Revenue represents the income from the project – the revenue net of costs – sometimes called the margin ; where the costs are mainly logistics and operating expenses.

SCORE

Income is arguably one of the most significant value drivers (where income is a function of price and volume  and where volume is the design production rate at a given availability).  The value of overestimating revenue is worth noting – 15% underperformance would wipe out the value of our project – and make the NPV zero.

New Technology for the Lawyers – I think that lawyers are the most argumentative people to work with; that’s not a prejudice but an observation about  their profession, which is all about arguing.  

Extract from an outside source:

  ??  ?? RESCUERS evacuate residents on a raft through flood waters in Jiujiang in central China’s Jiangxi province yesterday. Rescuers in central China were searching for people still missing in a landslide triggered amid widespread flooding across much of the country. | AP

The revenue from the investment in technology was part of the benefit case for an IT project on which I worked.  The case was based on improving the efficiency of the legal team (over 200 in house lawyers around the world) and the benefit was assessed as ‘time saved being released to do other work and the avoided cost of reduced spend of external counsels providing support’.  The deputy legal counsel – a crusty old lawyer  and a Scot with connections to landed gentry —was our sponsor and wanted to embrace the opportunity – including the benefit of giving his legal team new technology including ‘Blackberries’ .  I remember him stressing in a project sponsor meeting -‘ I’m convinced we should give all our lawyers these new ‘gooseberry’ devices’.  Despite his lack of the right jargon, he was very supportive and engaged as a sponsor 

I turned the assumptions on time saved and external counsel hours into a cash flow benefit and equivalent NPV.  I remember presenting to the Global Legal Leadership Team in Los Angeles – where there was a major part of the global legal team. I had a room full of lawyers, eyes open and jaws dropping, when I showed them the cash flow curve.  The Chief Counsel said ‘ this was the first time an NPV has ever been presented to us’.  He strongly endorsed the strategy and associated projects.  The new technology, matter management and workflow has subsequently been introduced and the legal team have fully embraced the new technologies and raised the benefits. Although there are some lawyers in the team who are still arguing about the changes.

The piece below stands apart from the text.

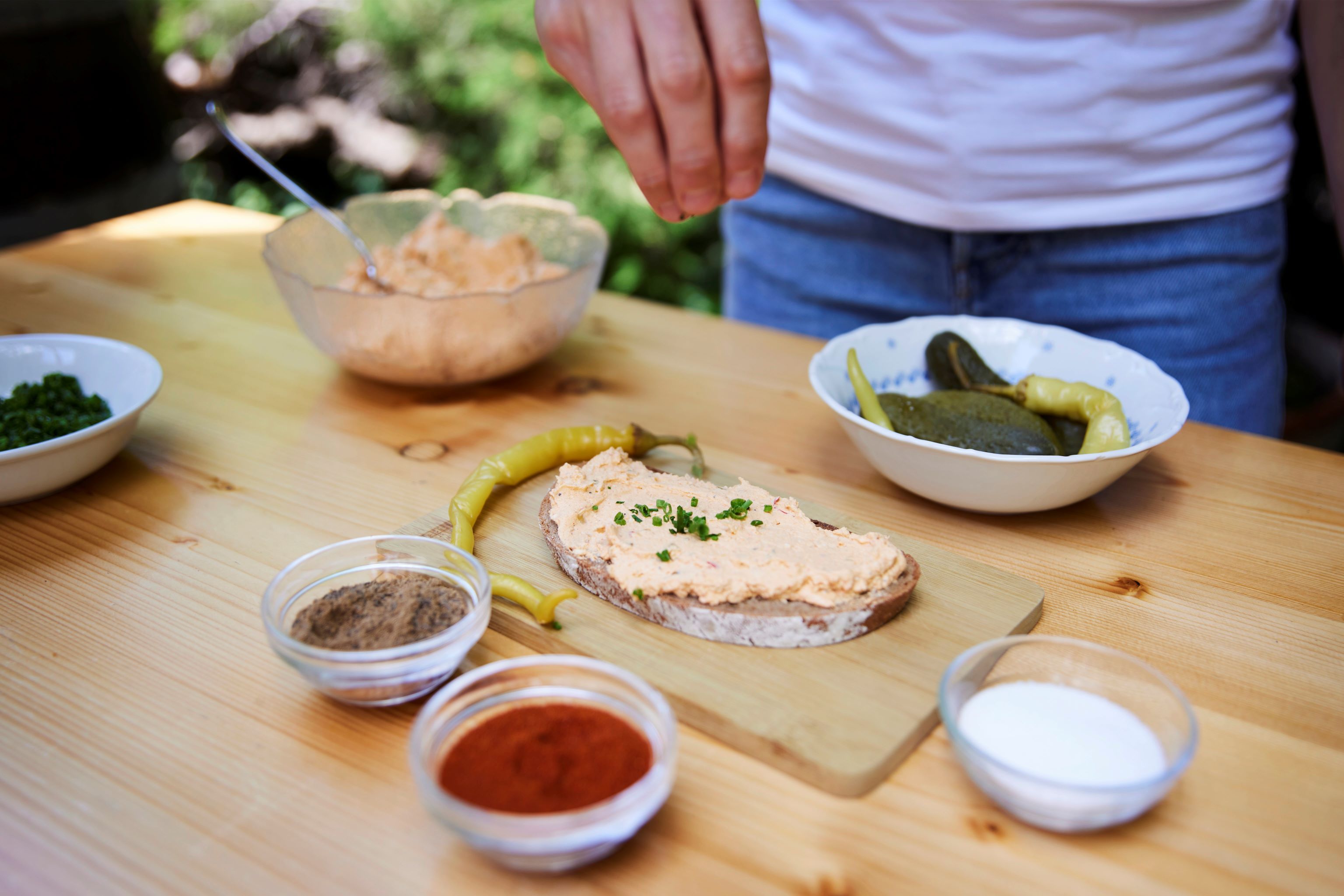 Liptauer bread on a wooden board, surrounded by spices and pickled vegetables.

Finally –Endurance; a big driver for value in any project and a vehicle for meeting the strategic intent of the organization; though less important for payback and rate of return. My experience is that companies will rarely look at value beyond 10 years unless there is a very secure business or a significant strategic intent being delivered by the investment, such as a long term gas project which can run for up to 15 or even 20 years. The value of endurance is worth noting; an extra three years to make 13 years duration will double the value of the project, however a two year shortfall to eight years endurance will make the NPV zero.

The context for my example is Climate Change. According to BP’s Review and Forecast of World Energy to 2040 – there is a double edged approach that is required. The world needs more energy,as many countries strive to develop but to meet the need for energy there needs to be lower carbon usage’  So we need more gas for a sustainable lower carbon future. BP was the first oil company to embrace the need to change and become green. Lord Browne made a major speech at Stanford in 1997 advocating the change.  BP’s solution was to shift to developing more gas,which is much a more efficient fuel than oil and coal and to move into Alternative Energy as part of their portfolio.  This led to the development of a major strategy for Gas,  part of which involved sourcing gas for Europe.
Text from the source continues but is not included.